I myself have noticed that life is full of invitations to have a good laugh.
I think of the day my then-Sixth Grade boy was waiting for me to finish checking out at the supermarket.
He dropped a quarter into those little vending machines there by the door and fished out a sort of tiny plastic jigsaw ball which, we gathered, you were meant to pull apart then try putting together again.
On the basis of what they chose to name this strange little gizmo, we guessed that its makers were new to the English language.
“The Fabulous Decomposing Ball” it was called and the instructions that came with it, encircled by a forest of exclamation points, read this way:
- (1) Hold in Hand
- (2) Drop to Floor
- (3) Have Fun Decomposing.
This three-line ‘poem’ had all of us – four shoppers and the checkout person – laughing our heads off there by the cash register.
And for sure that was something I didn’t expect to see happen when I set out that day to follow my same old path to my same old supermarket.

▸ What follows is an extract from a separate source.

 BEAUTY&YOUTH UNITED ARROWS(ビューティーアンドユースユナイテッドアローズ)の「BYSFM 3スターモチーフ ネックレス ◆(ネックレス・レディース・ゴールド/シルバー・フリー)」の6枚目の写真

But that’s my point: ‘unexpectedly’ is exactly the way most laughter comes; unannounced and as a gift, often from a stranger.
I believe life offers us regular helpings of such opportunities for laughter.
The trick is staying awake enough to notice when you’re being offered such gifts.
What helps me stay that awake is jotting down what I see and hear in a week or a day or even just an hour.
You can call that keeping a journal but really it’s not as formal as that.
In fact you don’t have to write things down at all to be such a chronicler.
You just have to stay alert and notice what you’re noticing, like the kindness, and the courage and the simple joy fountaining out all around us every day.
I can attest to the fact that witnessing such things will act as an antidote to the blues every time. Noticing what happens around you, remembering the exchanges you have with people and the exchanges you see them having with each other will help you fully inhabit every minute of your waking day.
There’s a poem by Robert Frost that I have always loved in which he talks about savoring autumn’s beauty.
In it he is addressing Nature, the architect of all this glory. “Release one leaf at break of day; at noon release another leaf,” he implores Her..
“Retard the sun with gentle mist; enchant the land with amethyst” And how I love that last line with the evocation of amethyst’s royal tones!
Maybe we actually CAN slow down the all-too-quick progression of our days, just by savoring them.
And what wise soul said that the journey was the destination? That person was right. The journey IS the destination.
So let’s raise a toast to the change of seasons, and laugh, and – why not? – have fun decomposing just like those quirky instructions advised.